The right response to such a brutal attack is often the most difficult one
The brutal attack of a soldier in Woolwich yesterday by two men, seemingly in protest against the killing of Muslims in Iraq and Afghanistan, represents both a personal tragedy and a national challenge. I say a national challenge, because the right response to such brutality is often the most difficult one.
The first challenge — and this has already, in light of EDL attacks on mosques, been discussed — is to refrain from framing yesterday’s incident in terms of Islam. While of course I welcome the response from Islamic groups in the UK condemning the violence, I feel sad that they need to issue such statements. As a country we should be able to recognise that the actions of a violent minority in no way reflect the beliefs of the wider, 3 million-strong Muslim community in the UK.
The second is that, tempting as it might be, we must not allow the government to use this attack as an excuse to further infringe on civil liberties. The attacker’s warning that ‘you people will never be safe’ was chilling to listen to, but we shouldn’t let fear cloud our judgement, especially when the government — through proposed bills like the snooper’s charter —has demonstrated an alarming desire to extend its access to individuals’ private communications.
The attacker says on camera that 'you people will never be safe'
Admittedly, in the UK we can be grateful to the intelligence services and their undercover methods for foiling a number of potentially deadly plots in the UK. Stuart Osborne, the senior national coordinator for counter terrorism, said yesterday that the UK foils a planned attack on the scale of 7/7 every year.
But it’s noteworthy, then, that one former head of MI5, Dame Stella Rimington, has herself feels intelligence services have enough power as is and has spoken out against government attempts to infringe civil liberties in the name of counter-terrorism. In 2009 she told The Independent that ‘It would be better that the Government recognised that there are risks, rather than frightening people in order to be able to pass laws which restrict civil liberties, precisely one of the objects of terrorism: that we live in fear and under a police state.’

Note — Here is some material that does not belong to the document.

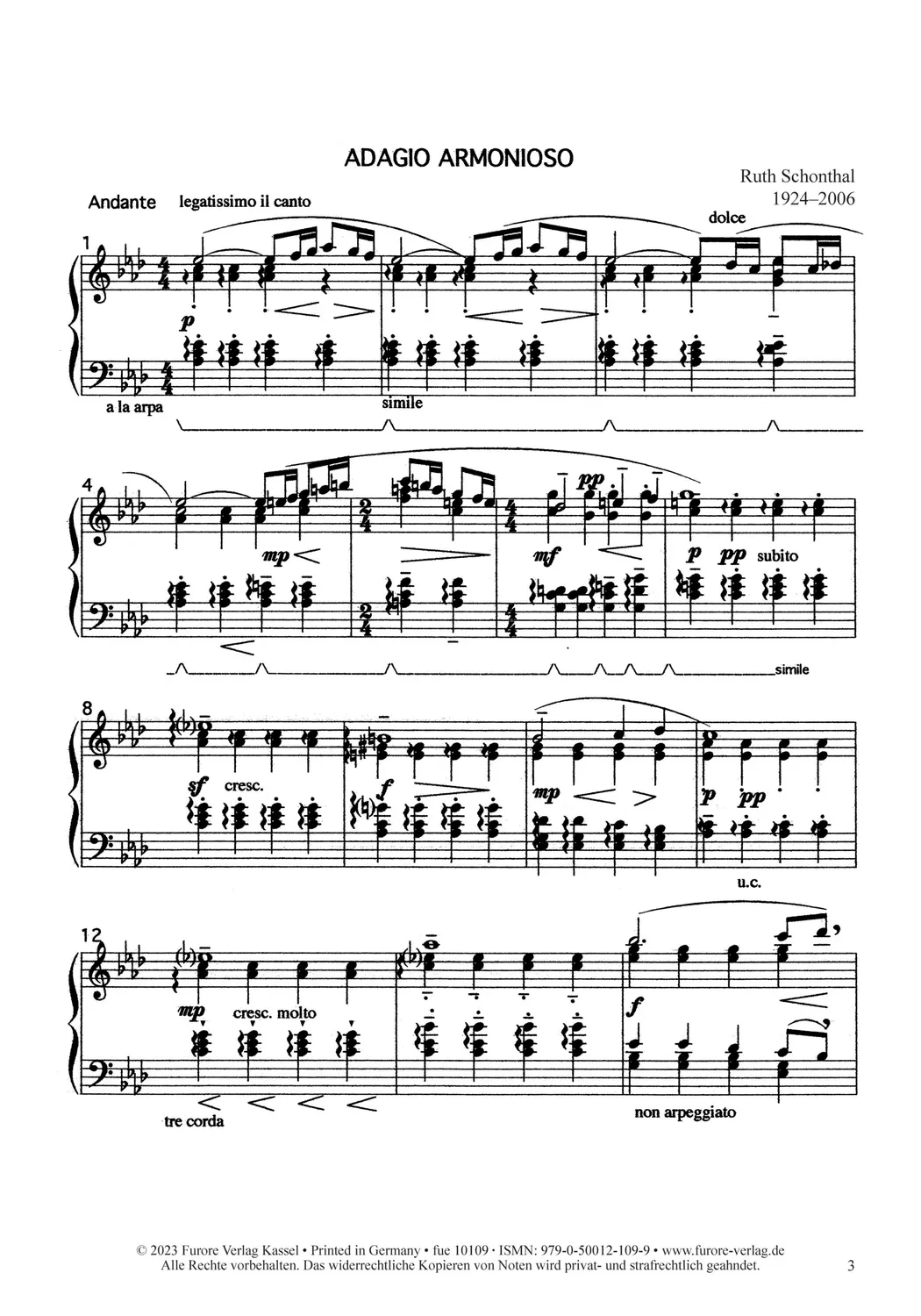 Furore Edition Adagio Armonioso Noten Klavier solo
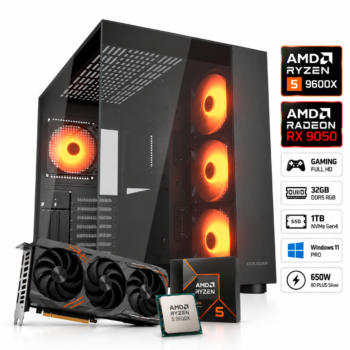 PC Gamer ETCHILE PHANTOM RX AMD Ryzen AM5 9600X Radeon RX 9050 8GB 32GB DDR5 1TB NVMe RGB 650W W11 PRO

I couldn’t put it better. Firstly, it is looking fairly likely that the attackers were lone wolves — and these kinds of freak incidents are, unfortunately, near-impossible for security services to prevent.
Secondly, the belief that the best response to incidents like this is to hand over more power to the state reveals a dangerously complacent and naïve belief that the government is always right, that the state will always act in your best interests. Liberty is not worth handing over for what will only ever be a fragile and superficial sense of security.